WHAT YOU NEED TO DO. In your output, repeat each entry exactly and include no pictures.

GIVEN ENTRIES.
━━━━━━
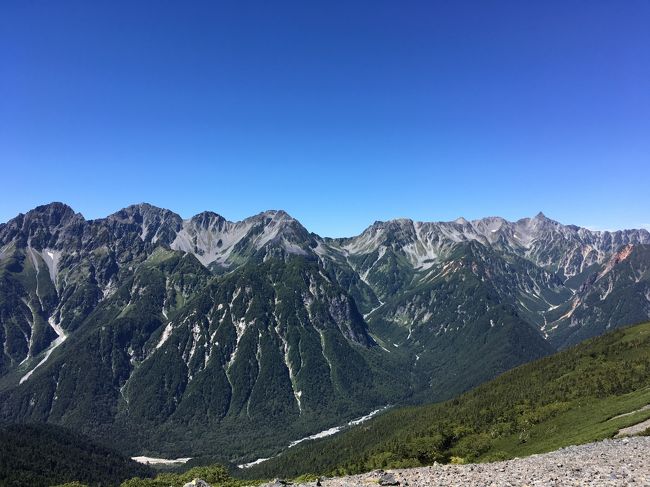 9月の3連休のうち2日間を使って蝶ヶ岳~常念岳を縦走してきました。<br />今回は初のテント泊!!事前に食料を買い込んで・・・と何日も前からワクワク♪<br /><br />行動時間は蝶ヶ岳キャンプ場まで4時間、2日目は蝶~常念縦走、下山までで10時間。めちゃめちゃ疲れたけど、テント場で食べるカレーは美味しすぎたし、雷鳥にも会え、ご来光に雲海も見れたし、何より道中の絶景がハンパなかったです!!<br />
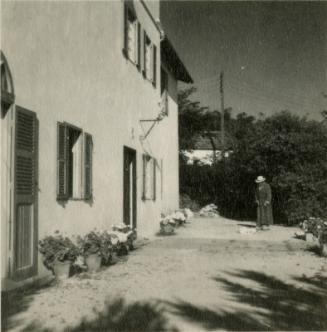 El Foolk (Photographs of James McBey's Homes).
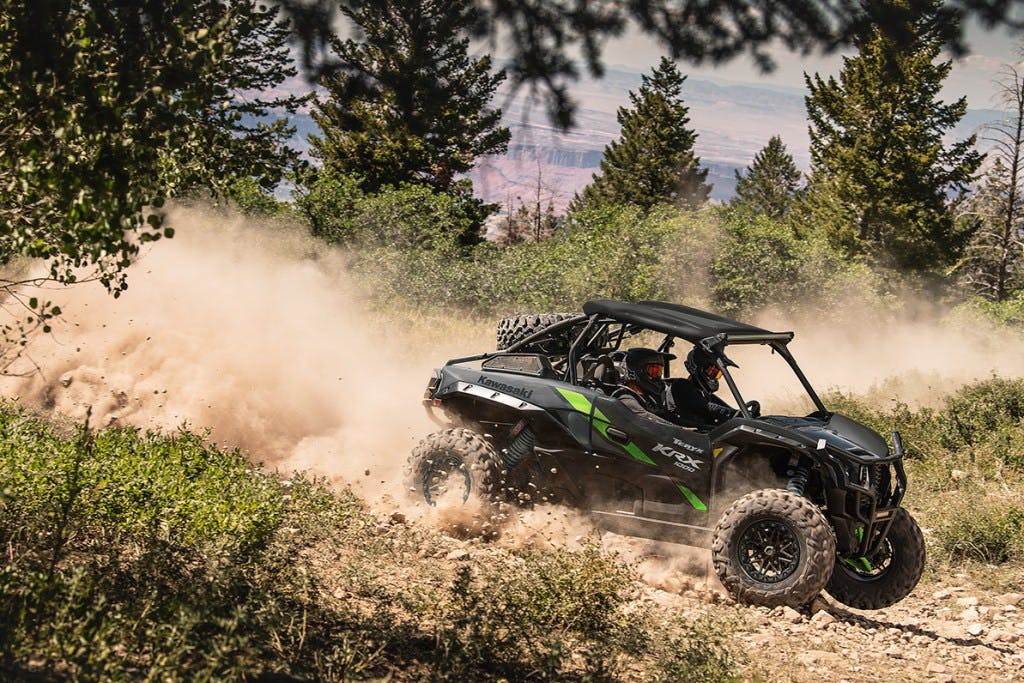 2025 kawasaki teryx krx 1000 driving fast over rocks.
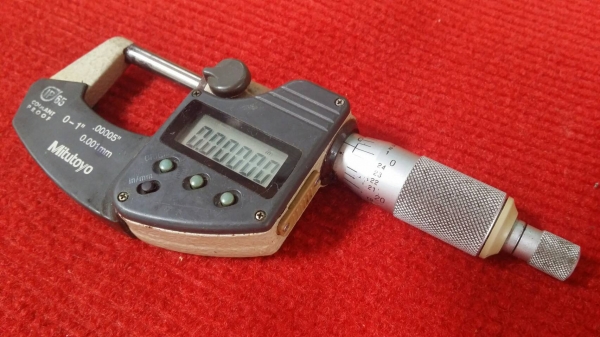 ไมโครมิเตอร์  Mitutoyo  เก่าญี่ปุ่น สภาพสวย ใช้งานง่าย ทำให้งานวัดขนาดง่ายและแม่นยำ ด้วยระบบวัดดิจิตอล ขนาด 0-1"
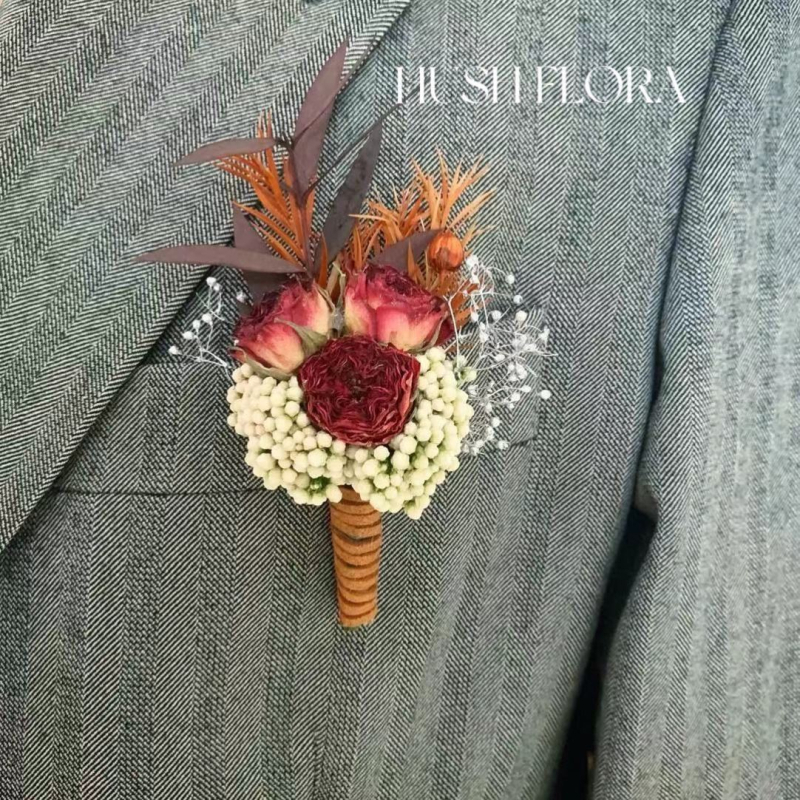 Сватбен корсаж с изсушени и вечни цветя – варианти Роза и Звездно небе, аксесоар за китка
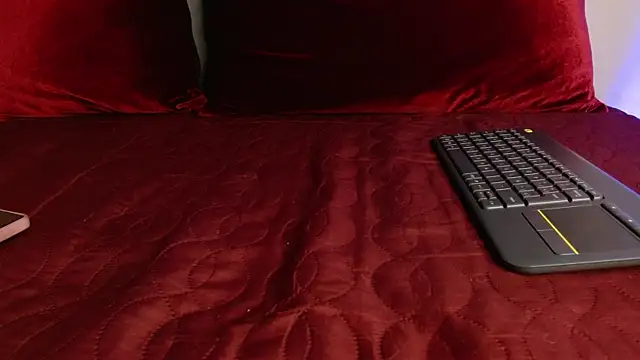 Kitty_Slim webcam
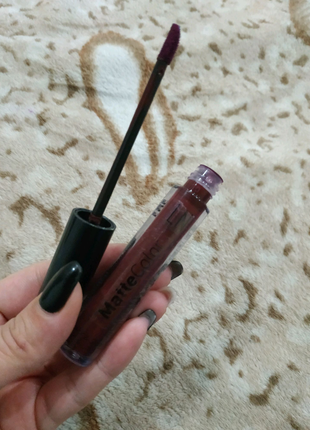 Матова стійка губна помада стигла вишня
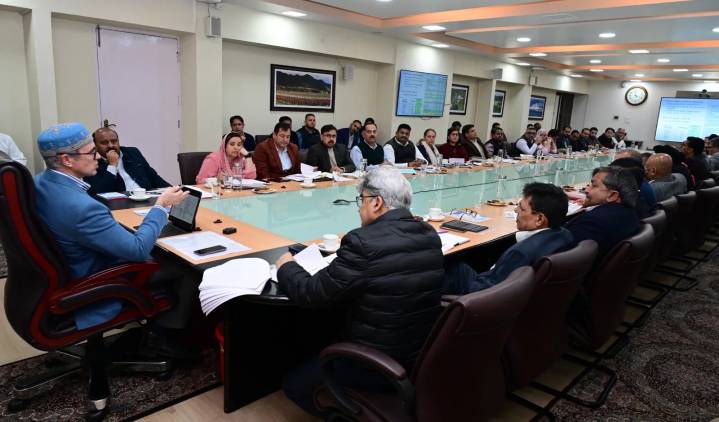 CM Omar Abdullah reviews progress of works under CAPEX budget, CDF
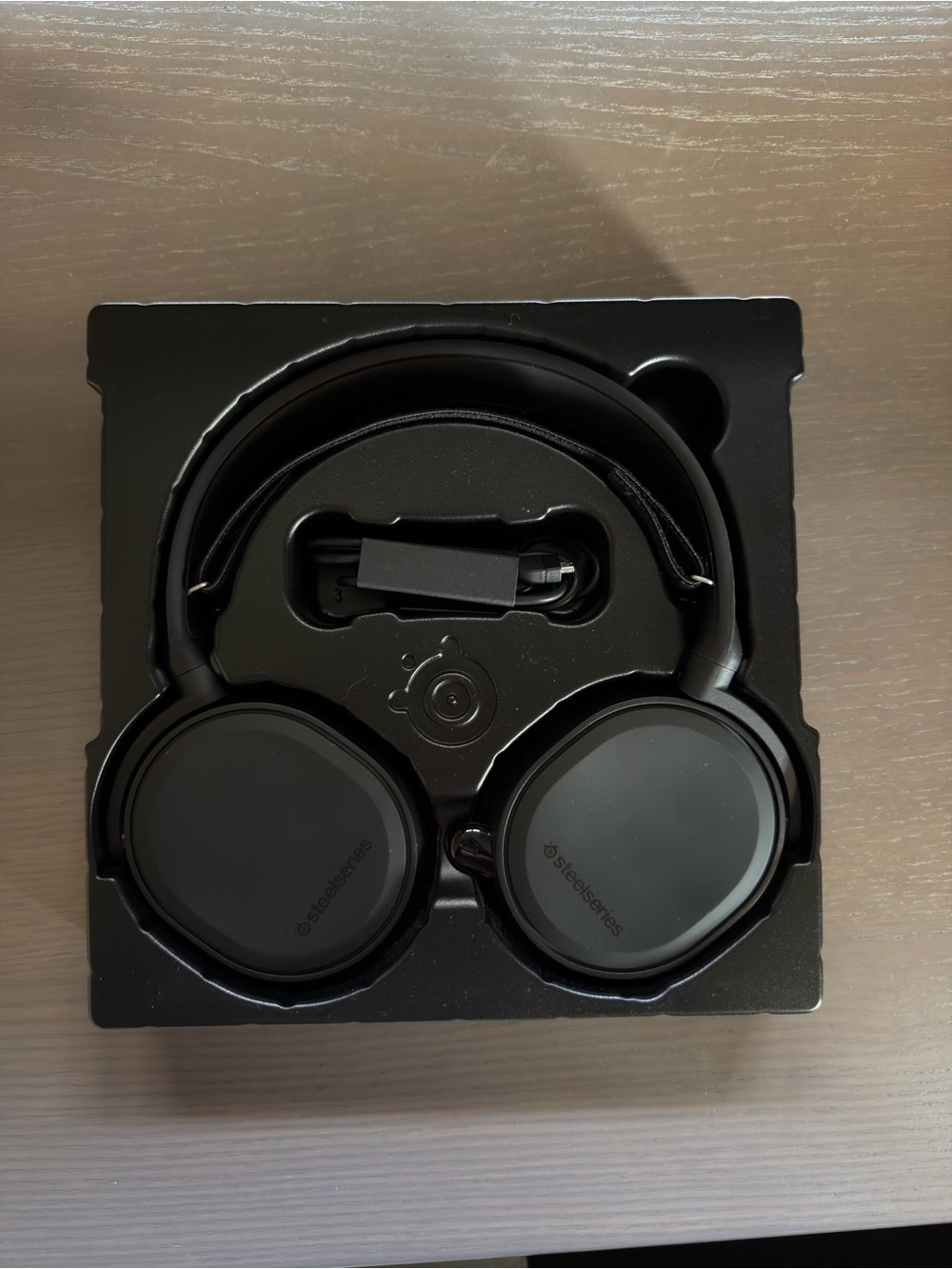 SteelSeries Arctis 3 Console Edition Wired Gaming Headset - Black - Picture 5 of 9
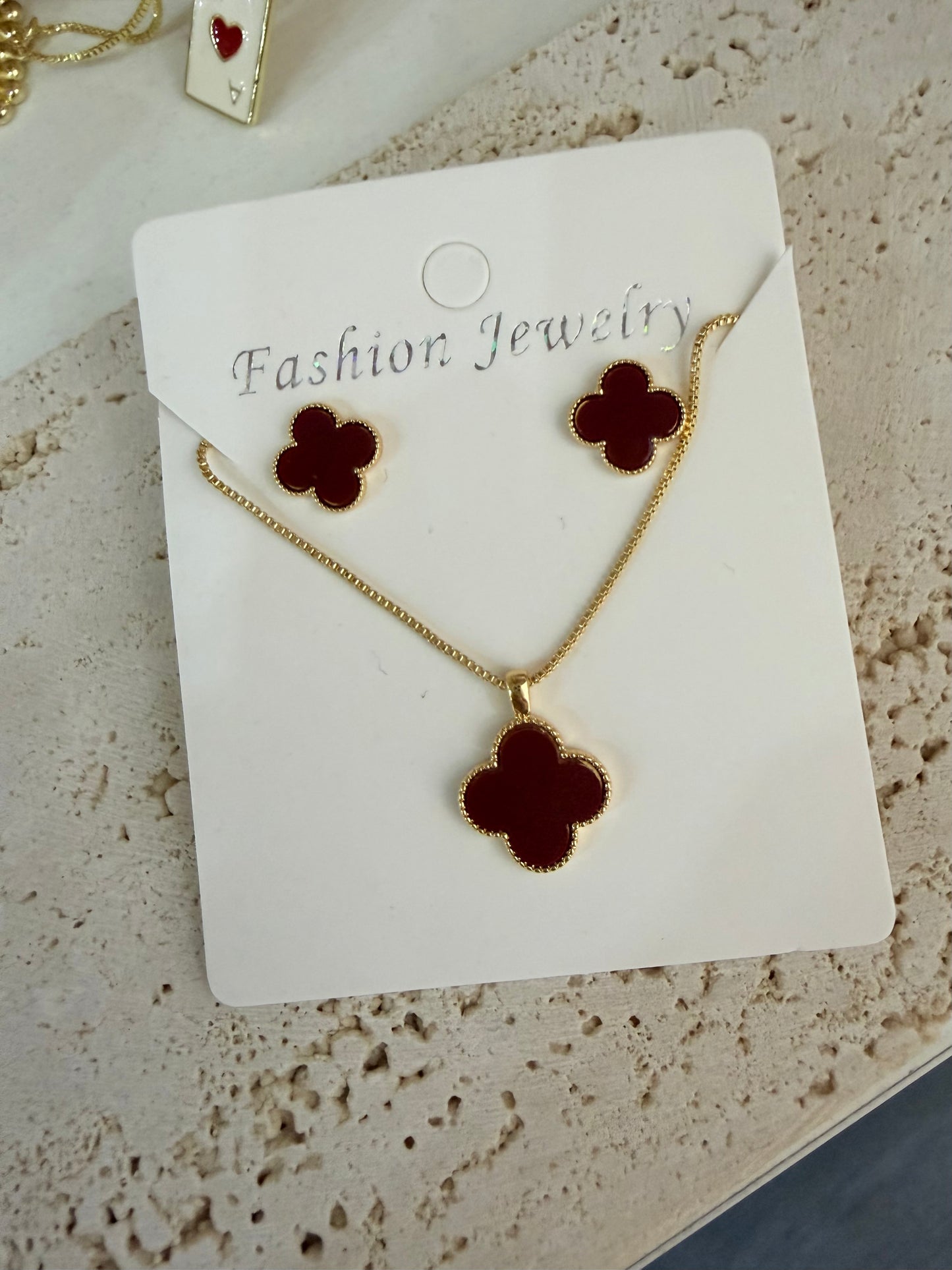 Juego de collar y zarcillos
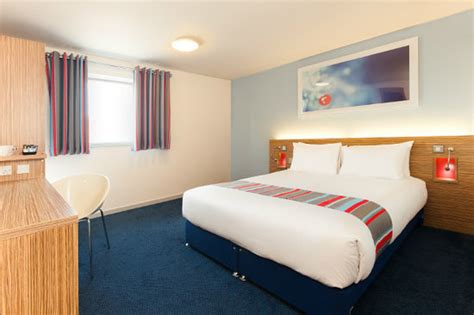 TRAVELODGE BIRMINGHAM PERRY BARR - Hotel Reviews, Photos & Price ...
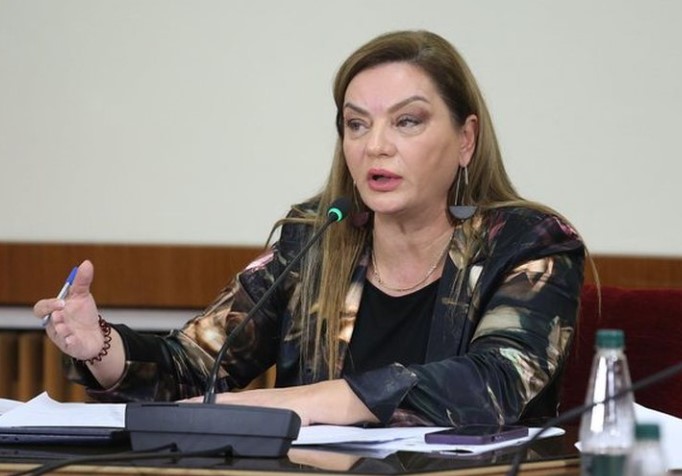 “te-shkarkoi-ai!”,-vokshi-pyet-ballen:-taulant-a-je-viktime-e-ergys-agasit?-bashkohu-me-ne-dhe-denonco!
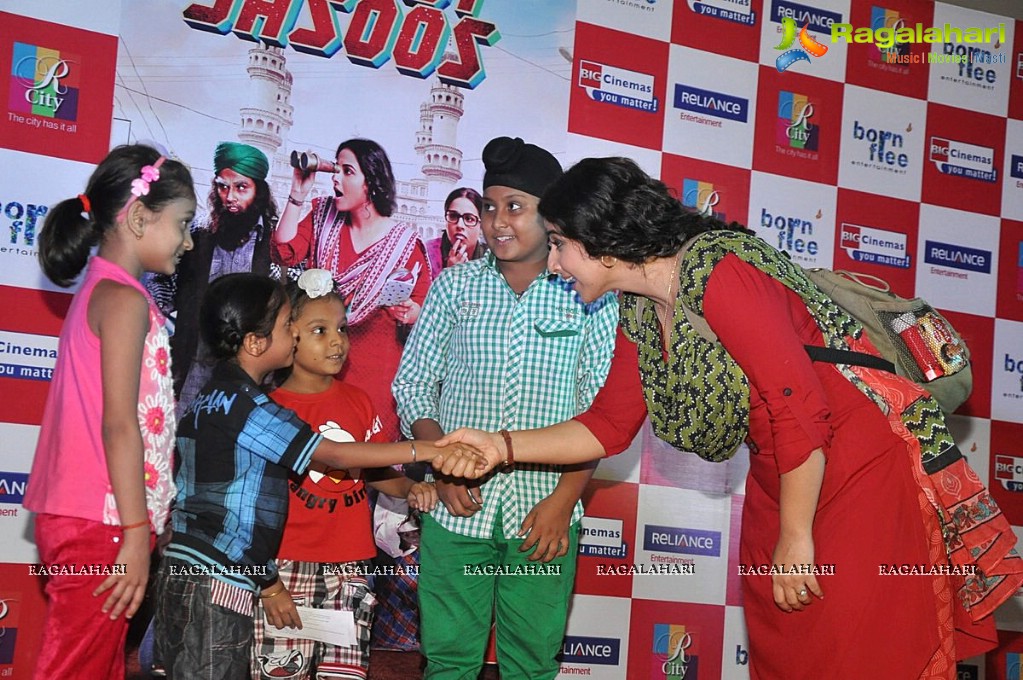 Bobby Jasoos Promotions at R City Mall, Mumbai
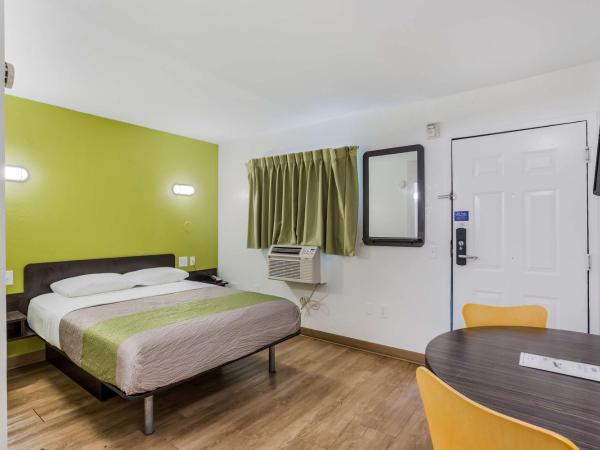 Motel 6-Jacksonville, FL - South : photo 1 de la chambre chambre lit queen-size pour personnes à mobilité réduite avec douche accessible en fauteuil roulant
━━━━━━
RESULT FOR THIS TASK.
 9月の3連休のうち2日間を使って蝶ヶ岳~常念岳を縦走してきました。<br />今回は初のテント泊!!事前に食料を買い込んで・・・と何日も前からワクワク♪<br /><br />行動時間は蝶ヶ岳キャンプ場まで4時間、2日目は蝶~常念縦走、下山までで10時間。めちゃめちゃ疲れたけど、テント場で食べるカレーは美味しすぎたし、雷鳥にも会え、ご来光に雲海も見れたし、何より道中の絶景がハンパなかったです!!<br />
 El Foolk (Photographs of James McBey's Homes).
 2025 kawasaki teryx krx 1000 driving fast over rocks.
 ไมโครมิเตอร์  Mitutoyo  เก่าญี่ปุ่น สภาพสวย ใช้งานง่าย ทำให้งานวัดขนาดง่ายและแม่นยำ ด้วยระบบวัดดิจิตอล ขนาด 0-1"
 Сватбен корсаж с изсушени и вечни цветя – варианти Роза и Звездно небе, аксесоар за китка
 Kitty_Slim webcam
 Матова стійка губна помада стигла вишня
 CM Omar Abdullah reviews progress of works under CAPEX budget, CDF
 SteelSeries Arctis 3 Console Edition Wired Gaming Headset - Black - Picture 5 of 9
 Juego de collar y zarcillos
 TRAVELODGE BIRMINGHAM PERRY BARR - Hotel Reviews, Photos & Price ...
 “te-shkarkoi-ai!”,-vokshi-pyet-ballen:-taulant-a-je-viktime-e-ergys-agasit?-bashkohu-me-ne-dhe-denonco!
 Bobby Jasoos Promotions at R City Mall, Mumbai
 Motel 6-Jacksonville, FL - South : photo 1 de la chambre chambre lit queen-size pour personnes à mobilité réduite avec douche accessible en fauteuil roulant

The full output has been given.